The musical director is Craig James and accompanist Margaret Davies. in 2013, Margaret Davies, the choir's accompanist for 43 years was named on Her Majesty the Queens New Years Honours list, receiving the BEM for services to Music and the Community.

==Industrial history==
===Beaufort Iron Works===
Edward (1750–1807) and Jonathan Kendall or Cendl of Dan-y-Parc Crickhowell established these works in 1779 on a 99-year lease. In 1833, by which time there were four furnaces, the works were taken over as an extension of their Nantyglo operations by the Bailey brothers, Joseph and Crawshay who put their sister's son, William Partridge (1800–1862), in charge. Unmarried Agents (senior managers) of the local iron works companies lodged at the Rhyd-y-Blew, a drovers' inn, properly the hunting lodge of the Duke of Beaufort who carried out an annual rough-shoot of the area. The inn was at the end of the toll road from Merthyr Tydfil and for the rest of the year provided the drovers’ animals very good pasture and water in the Ebbw river. Suffolk-born Partridge married Charlotte Bevan, daughter of the Rhyd-y-Blew's innkeeper, and remained in charge of the Beaufort iron works until his early death in 1862. The works soon closed. In conjunction with the then well-known Needham family of Beaufort mining engineers Partridge sons became involved in local collieries and established the substantial business later known as Partridge Jones.

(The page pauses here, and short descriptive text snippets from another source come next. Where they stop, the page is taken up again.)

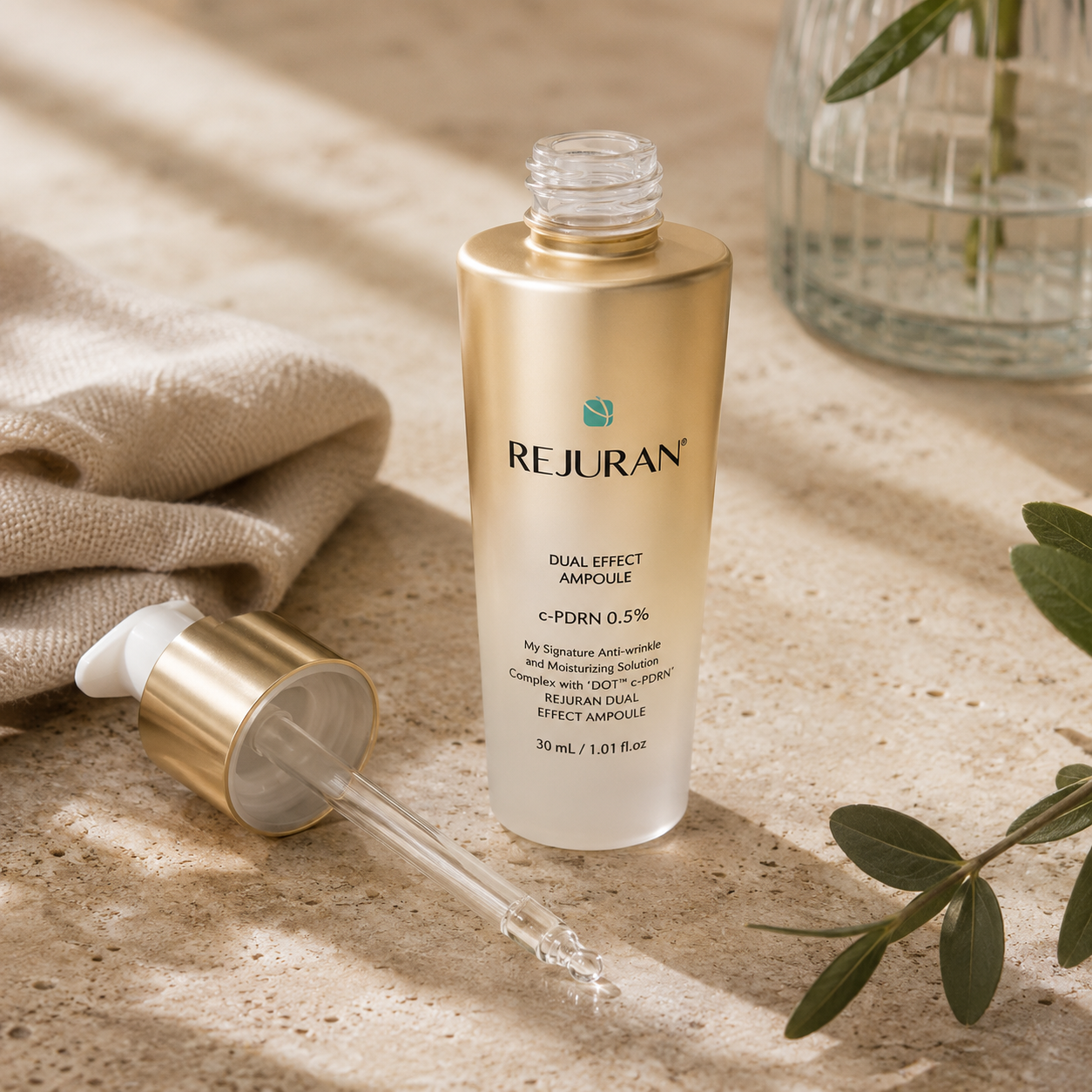 REJURAN Healer Turnover Ampoule Dual Effect PDRN 30ml beside a glossy hydrating serum texture, highlighting its lightweight ampoule consistency in a luxury beauty editorial setting.
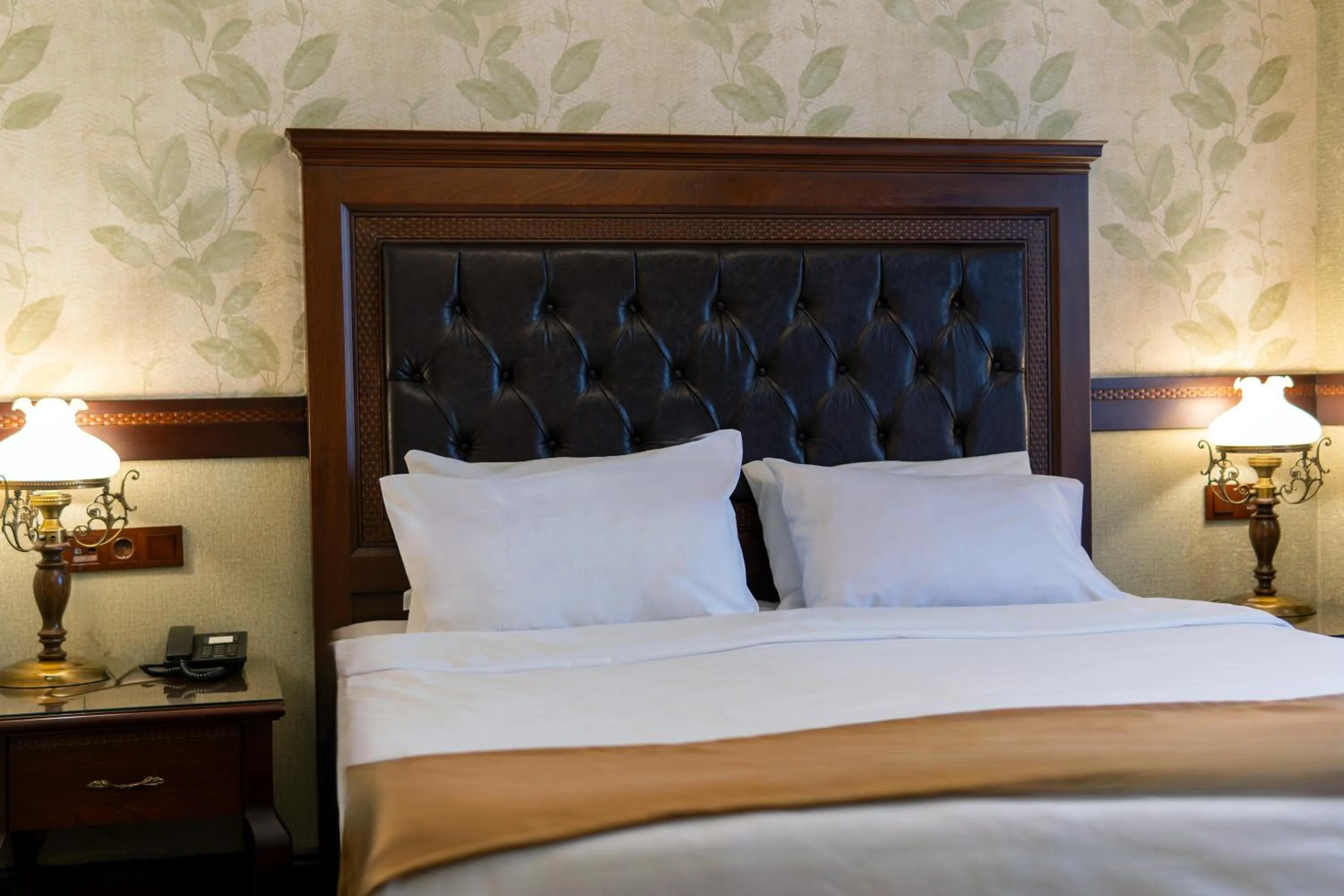 Bed in La Vida Old City Hotel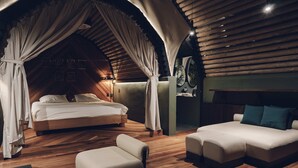 A cozy bedroom with a large bed, a sofa, and a reading area.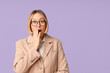 © Pixel-Shot - Shocked adult woman on lilac background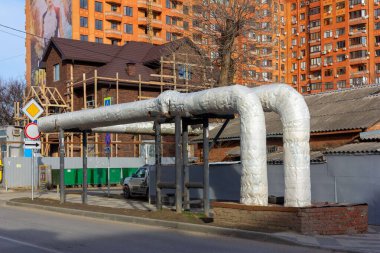 Krasnodar, Russia - February 11, 2020: Overhead heat pipes. A pipeline above ground that conducts heat for heating urban homes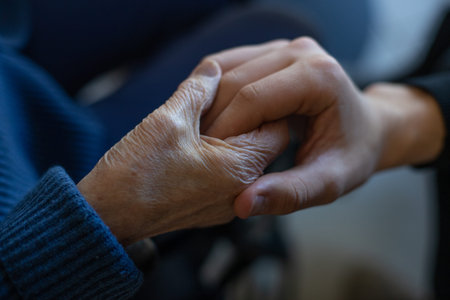 Close-up of an elderly woman holding hands with her caregiver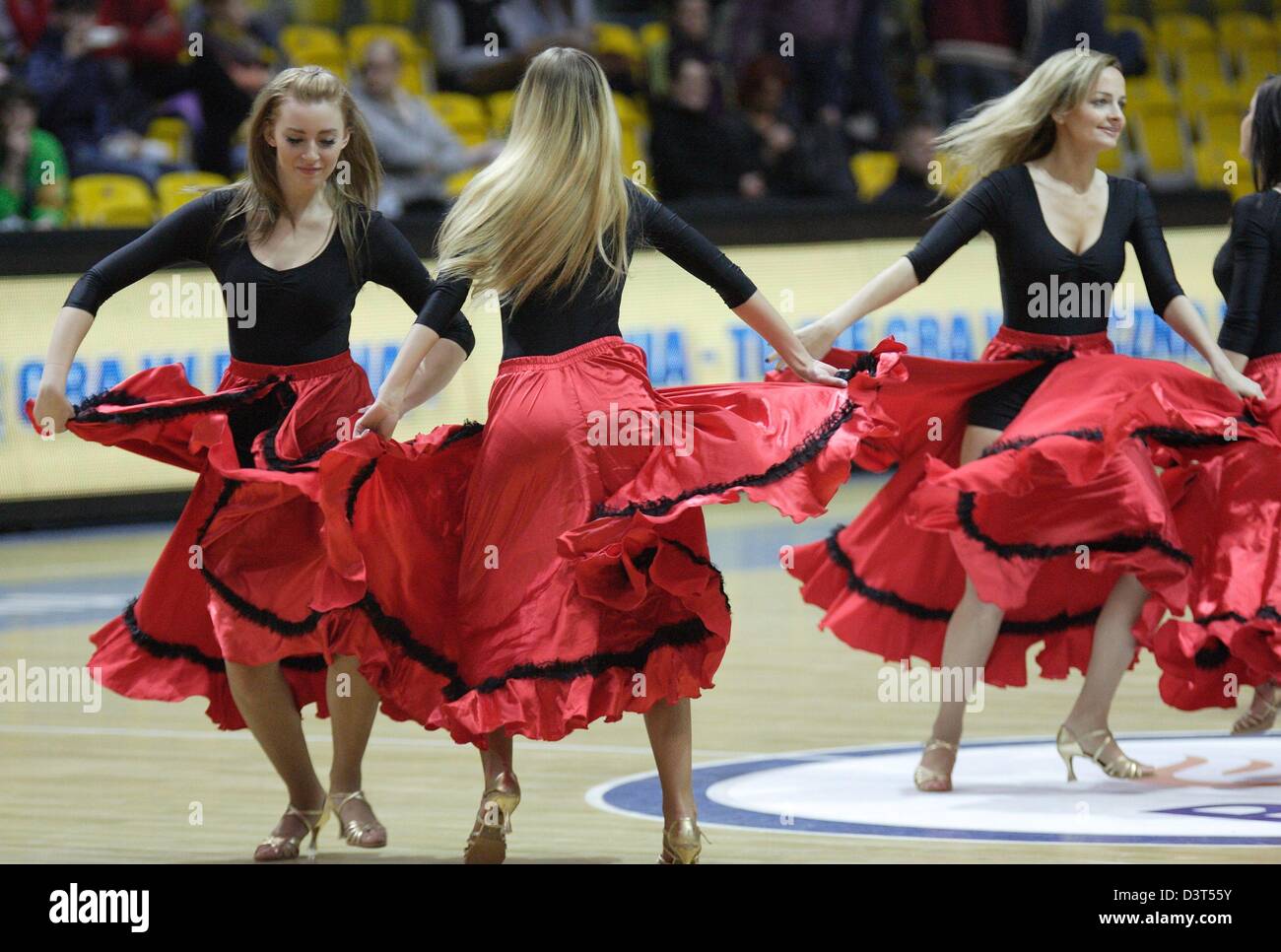 Poland 24th, February 2013 Handball: Final Four of the PGNiG Polish Cup. Vistal Laczpol Gdynia v KPR Ruch Chorzow game for 3th place in the Cup at HSW sports hall in Gdynia.The 'Gdynia Cheerleaders' perform during the half-time Stock Photo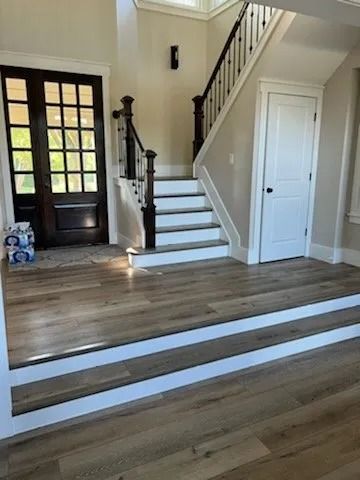 Entryway with wood floors, stairs, and two long white floor tracks across the room.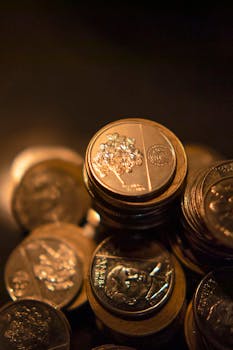 A detailed vertical shot of stacked coins, beautifully illuminated with a warm, golden glow.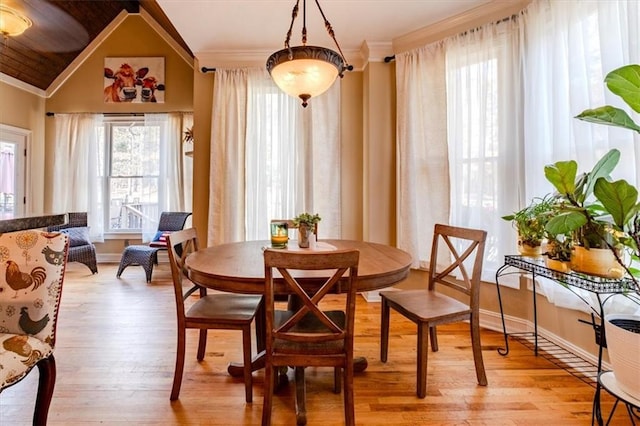 dining room with vaulted ceiling and light wood-type flooring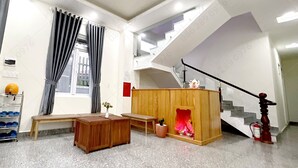 A spacious living area with a wooden bench, a small table with a vase, a fireplace, and a staircase with a railing. - Mon Bac Home (Lam Vien - Da Lat)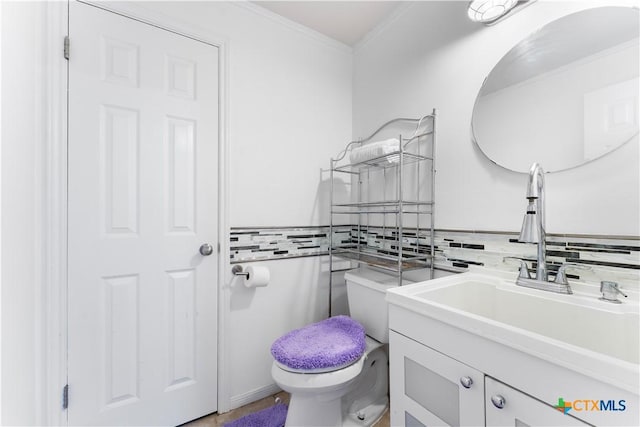 2106 Antelope Trl, Harker Heights, TX 76548 - bathroom featuring vanity, crown molding, and decorative backsplash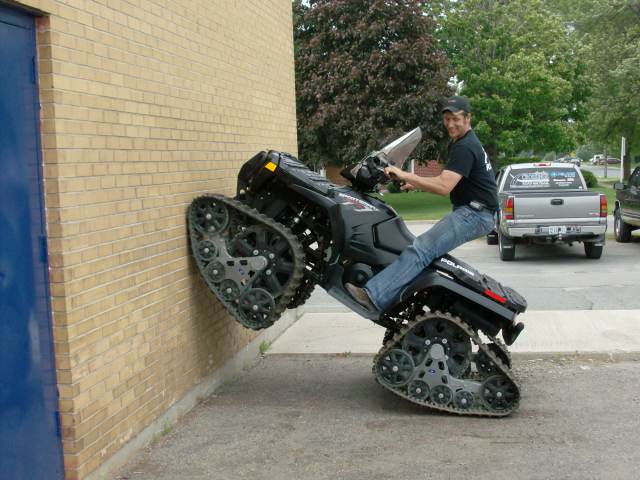 Black tracked ATV doing a wheelie against a brick wall with a rider on top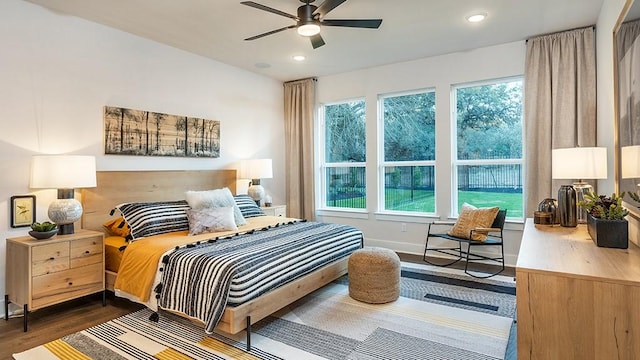 bedroom featuring recessed lighting, baseboards, ceiling fan, and dark wood-style flooring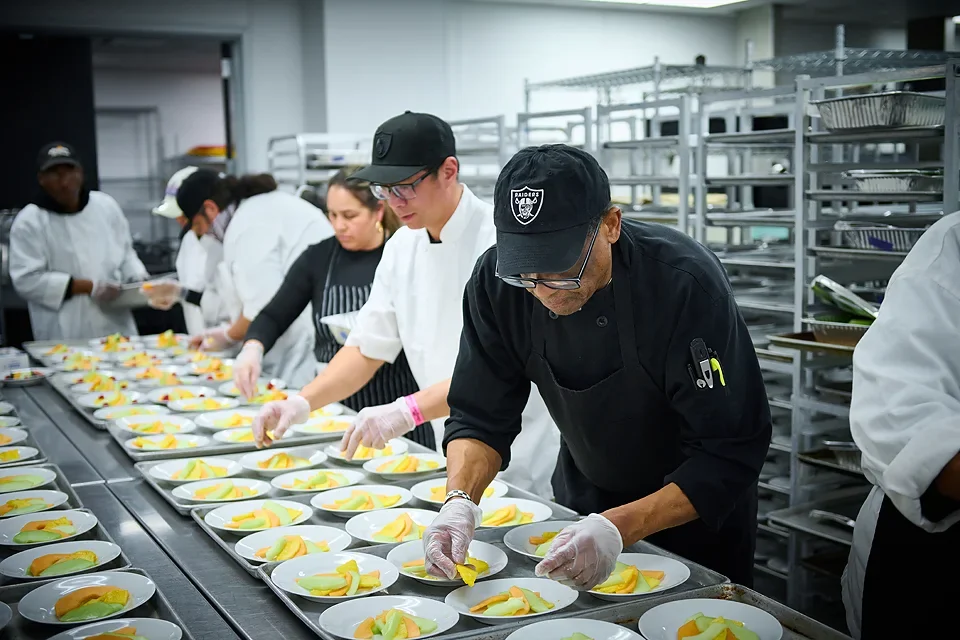 Chefs and kitchen staff preparing multiple plates of fruit desserts in a commercial kitchen with stainless steel shelves.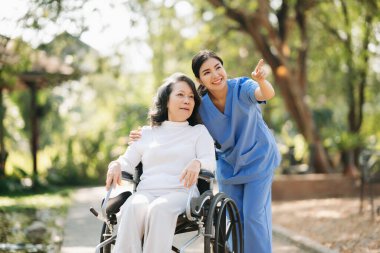 Asyalı yaşlı, yaşlı, yaşlı, tekerlekli sandalyede, Asyalı, dikkatli bir bakıcı ve bahçede yürüyen bir hastayı cesaretlendiren bir kadın. Bakıcının ve kıdemli sağlık sigortasının dikkatine..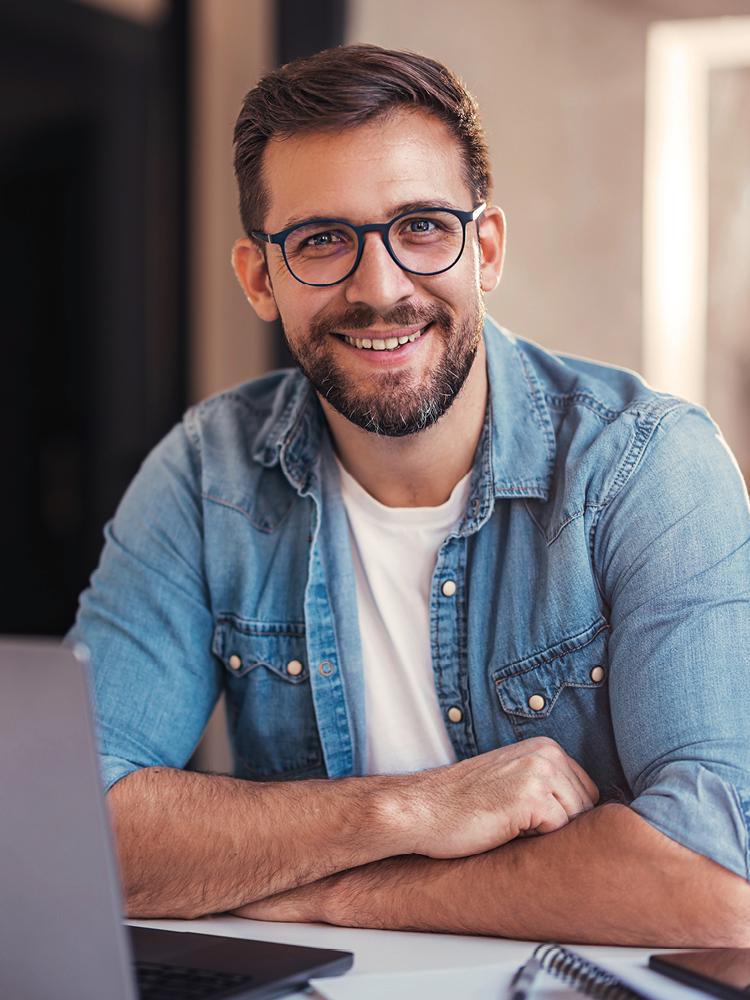 Ein junger Mann mit Brille, Bart und in Jeanshemd hat die Hände vor seinem Laptop verschränkt und blickt lächelnd in die Kamera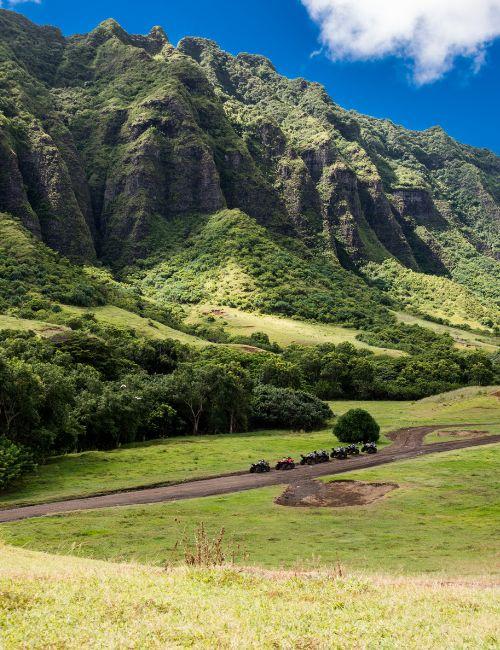 View of UTVs in Kualoa Valley Raptor Tour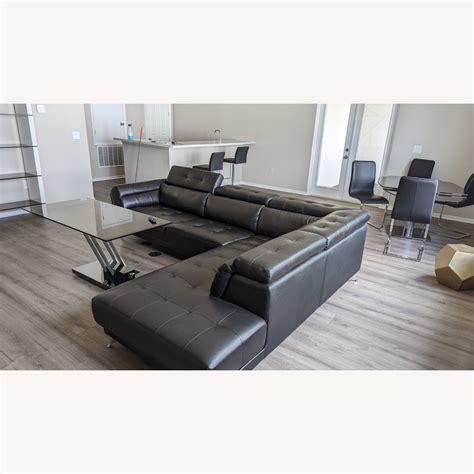 Rooms To Go Black Leather Sectional - AptDeco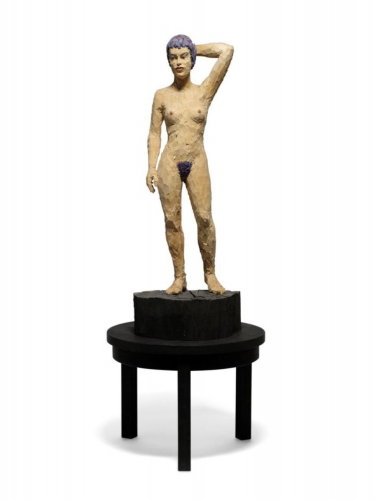 Stephan Balkenhol Femme burlesque wooden sculpture of nude woman with purple hair standing on black pedestal, carved with rough texture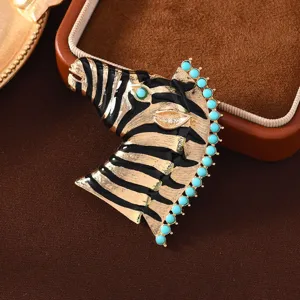 Vintage enamel zebra brooch with turquoise beads, elegant animal fashion pin for apparel.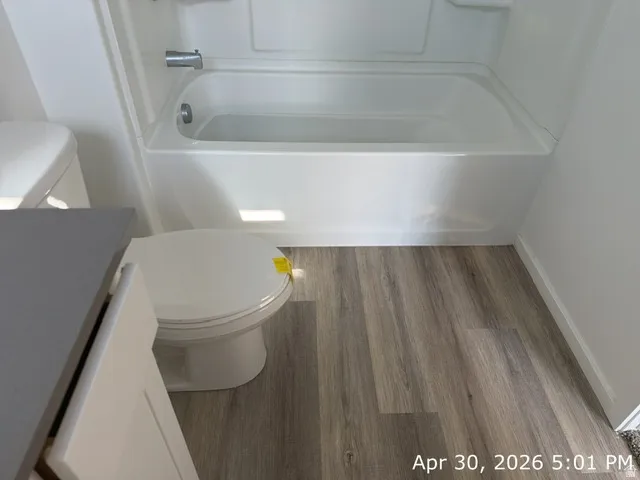 Bathroom featuring a white bathtub, wood-finish flooring, and a toilet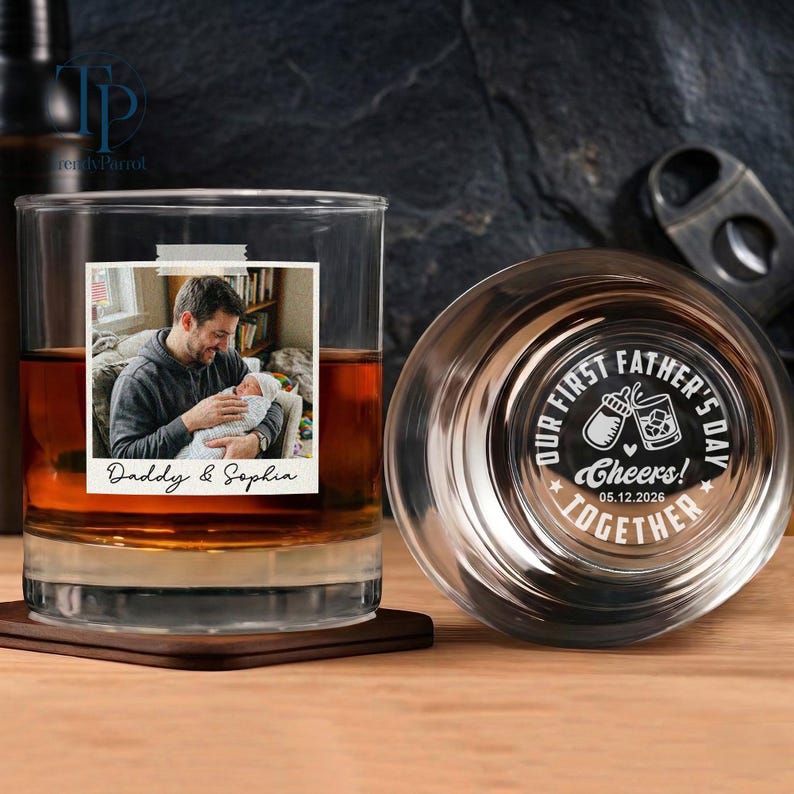 May include: A personalized whiskey glass with a photo of a person holding a baby, labeled "Daddy & Sophia." The glass is filled with amber liquid and rests on a wooden coaster. The bottom of the glass has the text "OUR FIRST FATHER'S DAY TOGETHER Cheers! 05.12.2026."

Grandson, rugby international and Barbarian, "Birdie" Partridge founded the Army Rugby Union. The Beaufort works house eventually became a fever hospital in 1902 and has since been demolished.

The ground, just south of Beaufort Hill, and close to a Chapel of Rest in the area known as Glanyafon, once occupied by the iron works has long been cleared and covered with houses. Giant pieces of slag remained in place until the most recent developments.